Maluku Baru, Mampukah Nepotisme & Balas Budi “Dihilangkan”

KABARTIMURNEWS.COM, AMBON - Setelah dilantik sebagai Gubernur Maluku oleh Presiden Joko Widodo, di Istana Negara, 24 April 2019, lalu, Murad Ismail dan Barnabas Orno, resmi sebagai Gubernur dan Wakil Gubernur Maluku yang sah, secara konstitusi.

Murad-Orno, bukan lagi milik, Parpol, Tim sukses atau keluarga, tapi keduanya menjadi milik masyarakat Maluku sebagai pemimpin orang Maluku. Perbedaan pilihan mapun lainnya, dalam proses-proses politik, harus ditanggalkan, agar tidak melahirkan persepsi-persepsi negatif keduanya dalam memimpin Maluku.

Rumah atau “BAILEO” yang sejak proses-proses politik Pilkada itu, dan juga sebagai jargon politik, bukan lagi sebagai hunian orang-orang tertentu atau mereka yang kerap disebut “berkeringat” dalam “pesta” politik, namun pintu “BAILEO” harus dibuka bagi semua warga Maluku, dalam persepsi bersama, sebagai orang Maluku.
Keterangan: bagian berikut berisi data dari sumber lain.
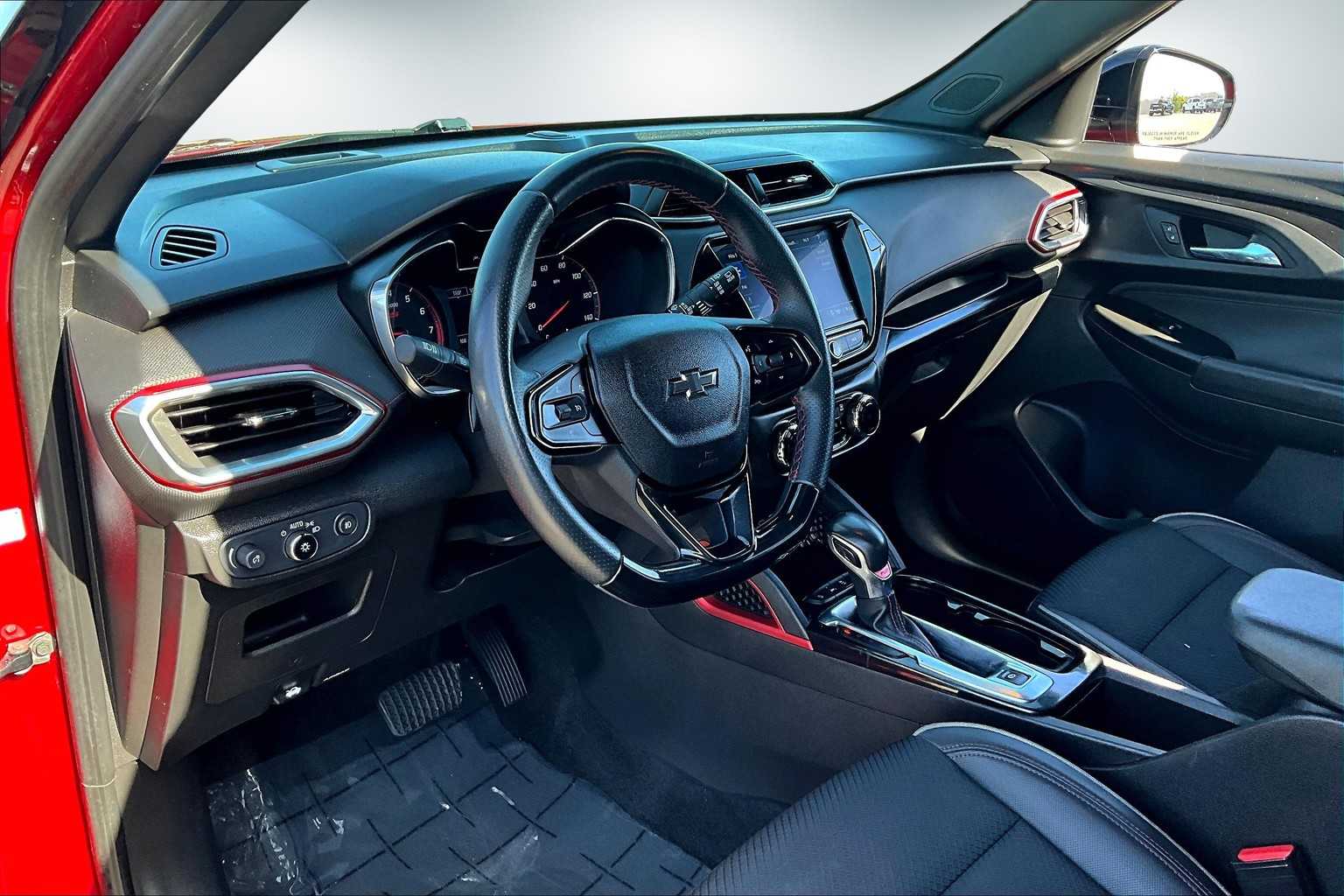 Thumbnail: 2021 Chevrolet TrailBlazer - 2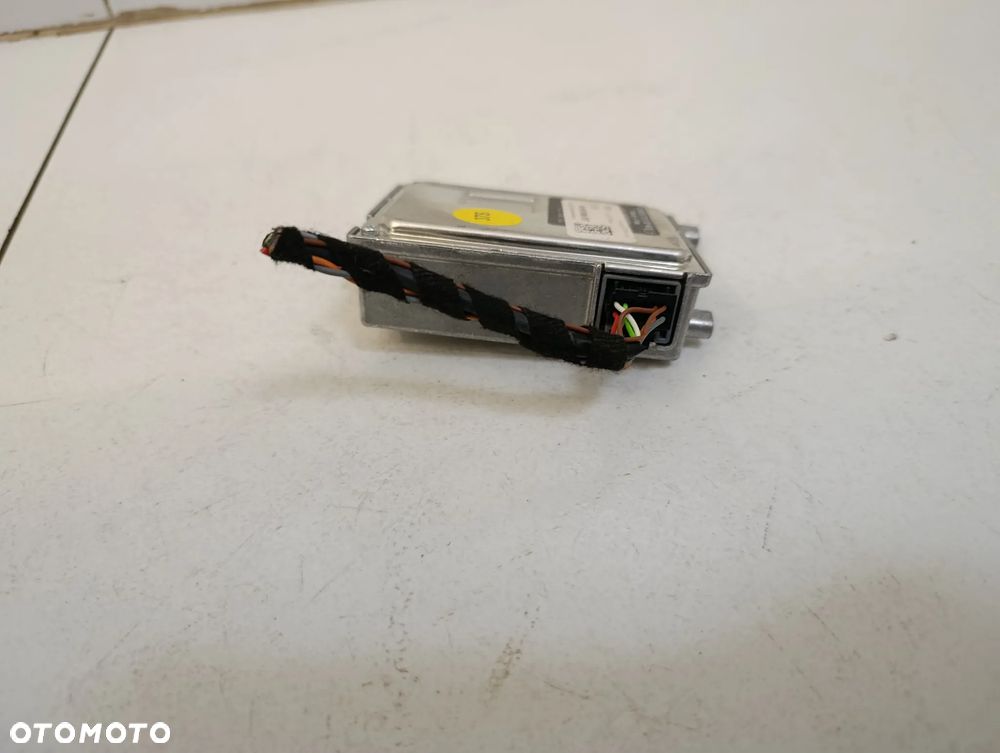 Kamera asystent pasa ruchu szyby czołowej przód Audi Q4 e-tron etron - 3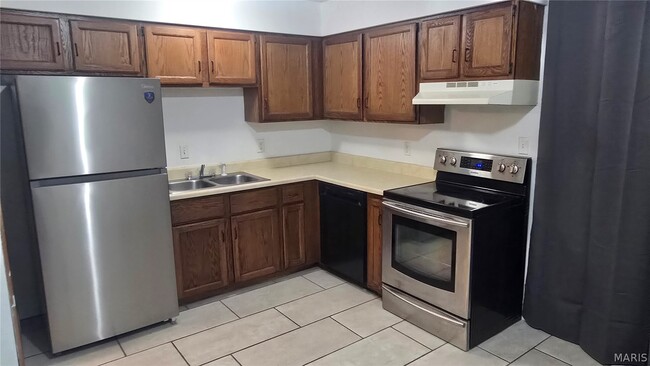 Building Photo - 13 Yorkshire Ln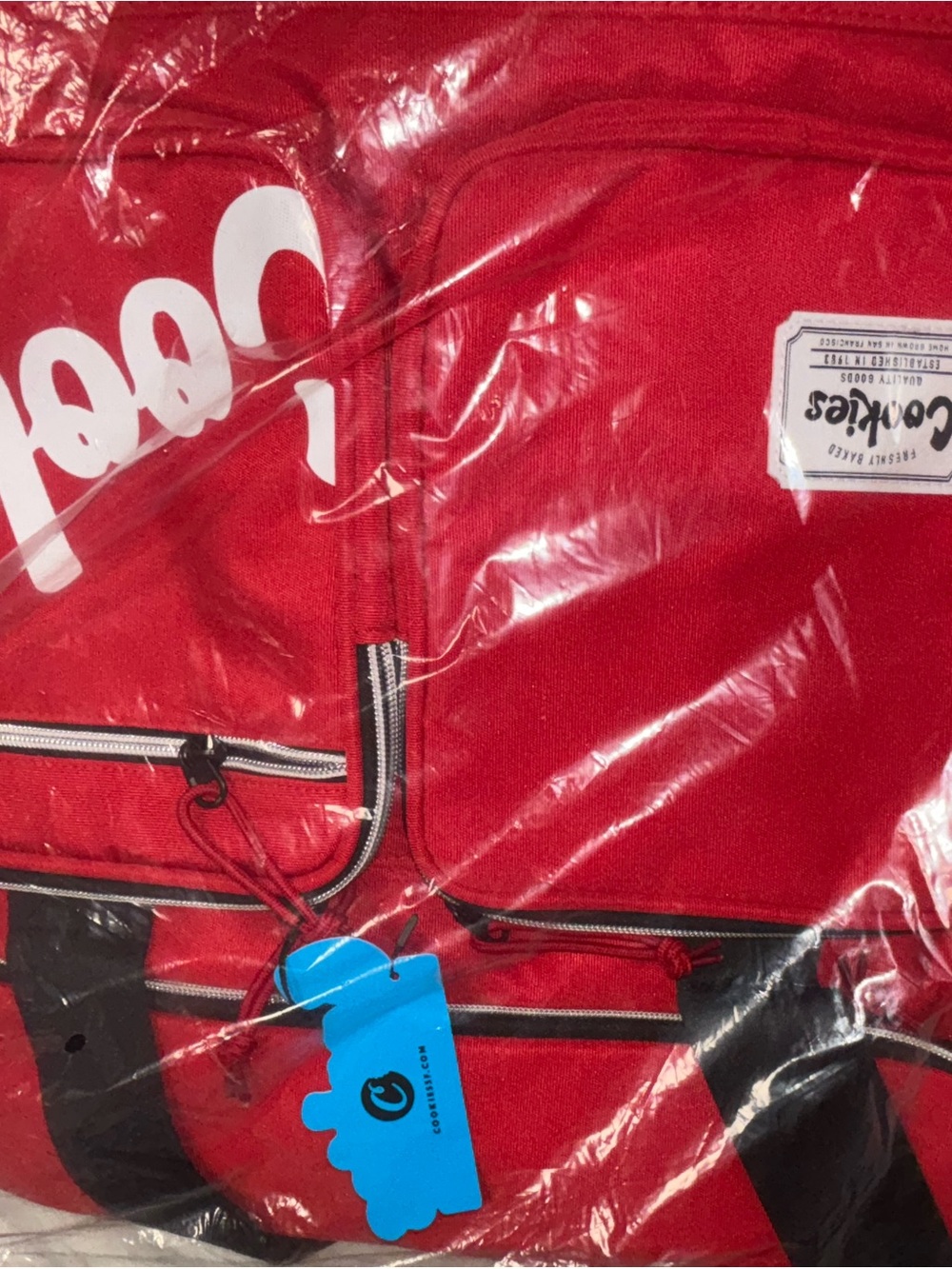 HERITAGE SMELL PROOF DUFFLE BAG RED
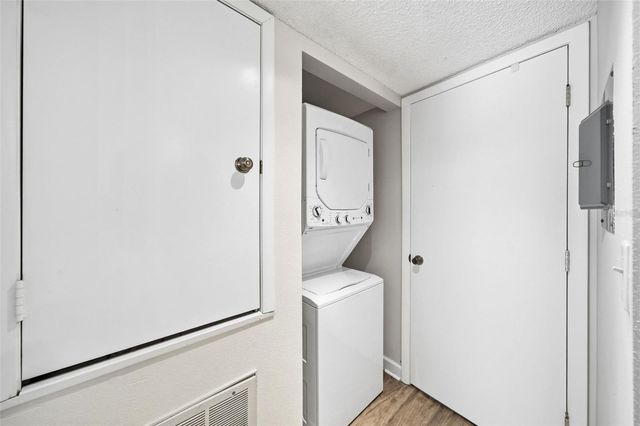 13604 S VILLAGE DRIVE 2210, Tampa, FL 33618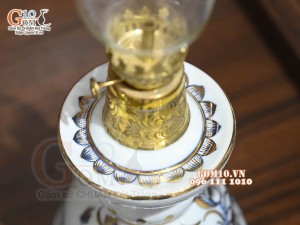 Đôi đèn dầu men lam cổ Sen Cát Tường, vẽ vàng 24k, cao 20cm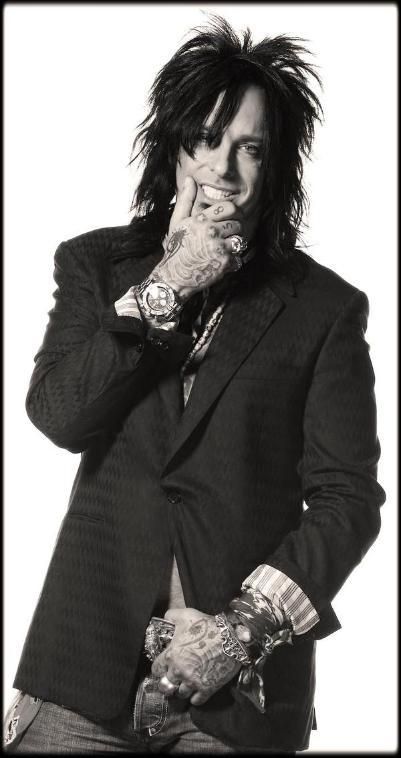 Trixy_Tang's tweet photo. Happy Birthday @nikkisixx @sixxam https://t.co/eZVFhXIkeo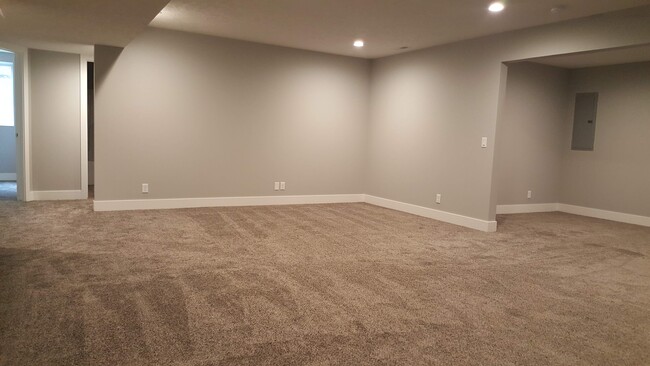 Building Photo - 5128 Betty Lou Blvd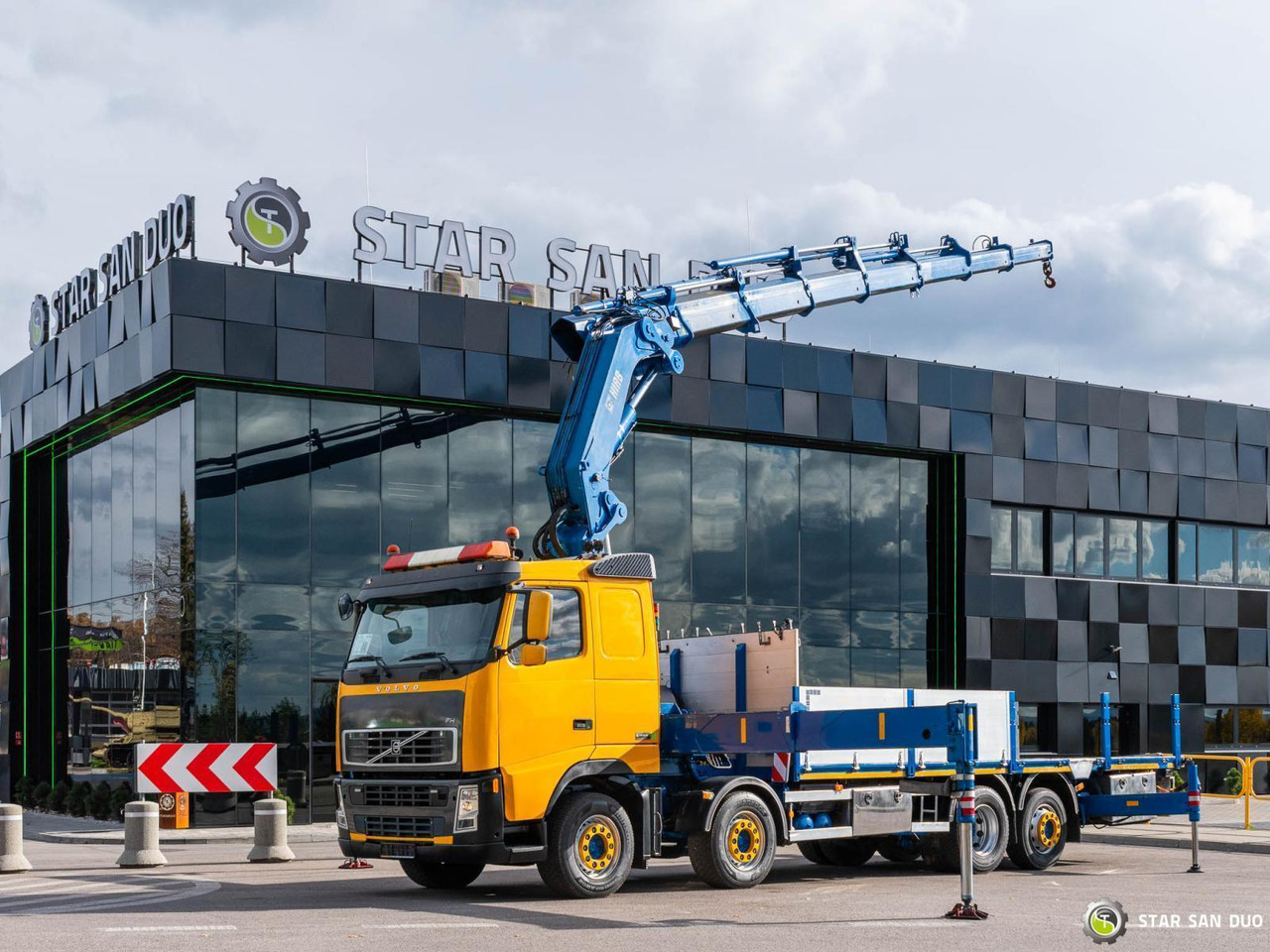 - Camion cu macara: Foto 4 - Camion cu macara: Foto 4
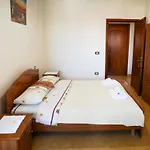 Vila Aliaj Cozzy Room For 2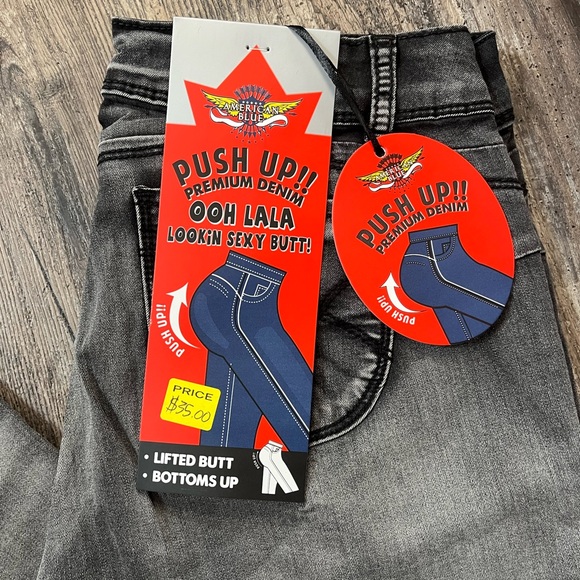 American Blue Jeans Women’s Better Butt Grey Wash Skinny Leg NWT Various Sizes - Picture 3 of 12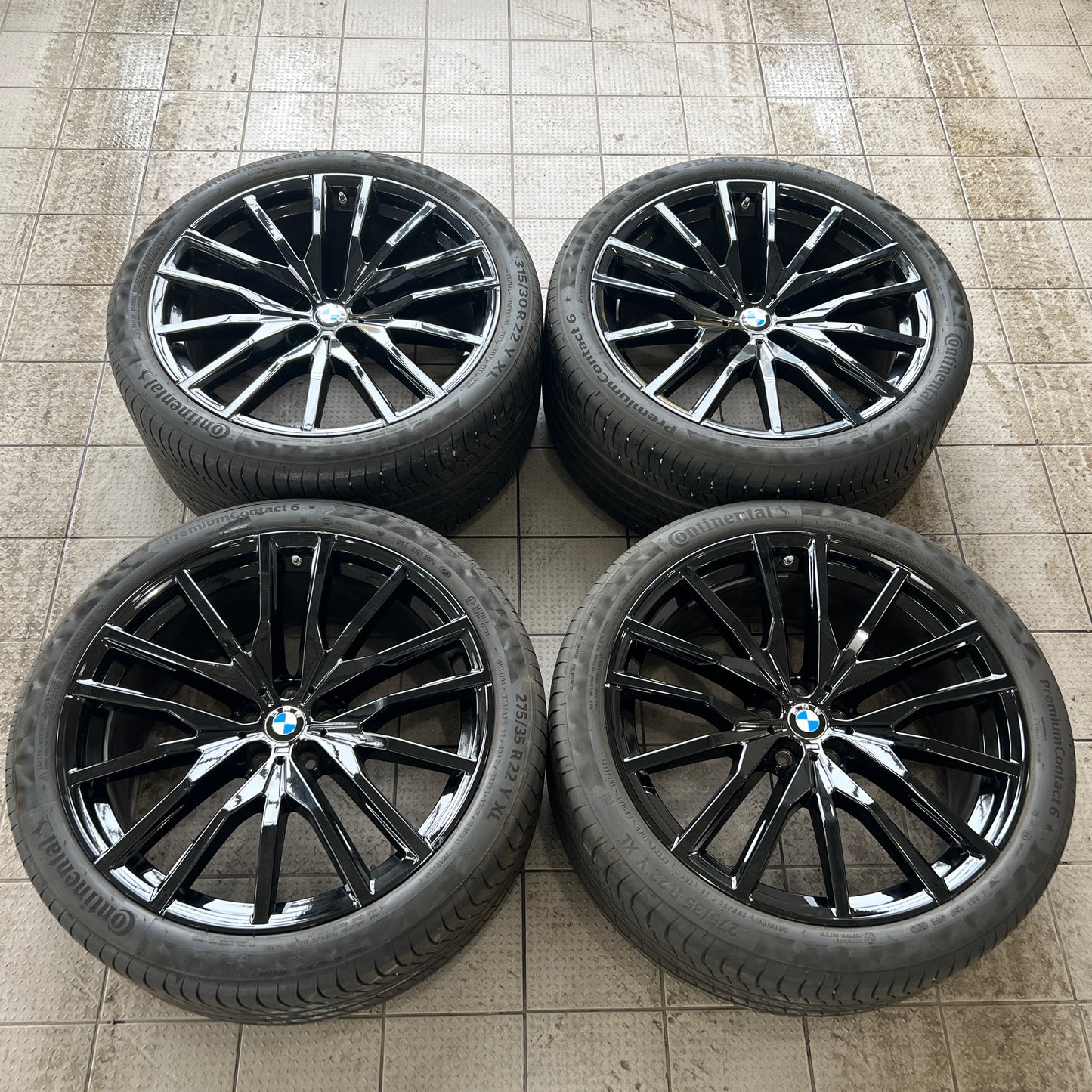 22” BMW Style 742M black wheels and Continental summer tires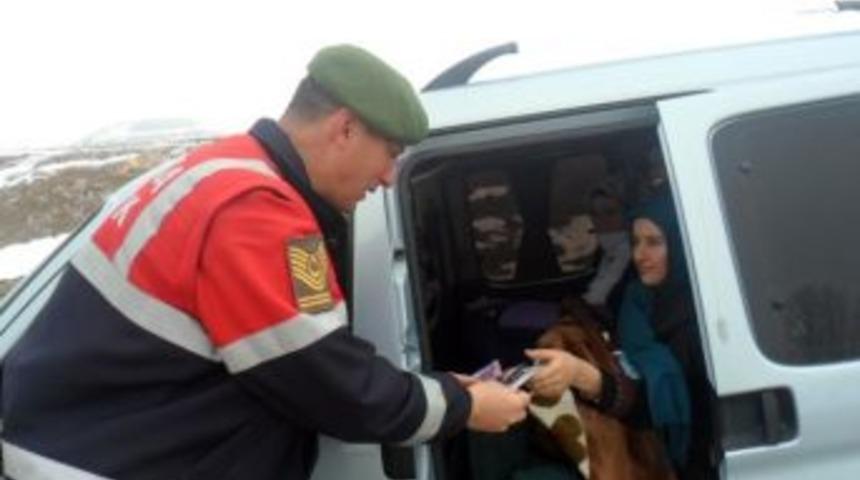 Jandarmadan S&uuml;r&uuml;c&uuml;lere Hediye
Maluku baru, Maluku bisa harus dimaknai sebagai perubahan. Artinya yang baru adalah sesuatu yang tidak sama dengan lama. Sudah pasti semua serba baru, serbah berubah dan serbah berubah, deng sebelumnya. Cara-cara berpolitik, Kolusi, Korupsi dan Nepotisme (KKN), dalam membangun Maluku juga harus dihindari.

Bila pemerintahan sebelumnya, ada KKN dalam proses-proses pembangunan atau tender (proyek), misalnya dan ada gubernur-gebernur kecil yang kerap menjadi “hantu” perubahan juga harus menjadi catatan penting bagi Gubernur Baru, Murad Ismail. Dengan begitu, mimpi membangun dan mensejahterakan warga dapat terwujud.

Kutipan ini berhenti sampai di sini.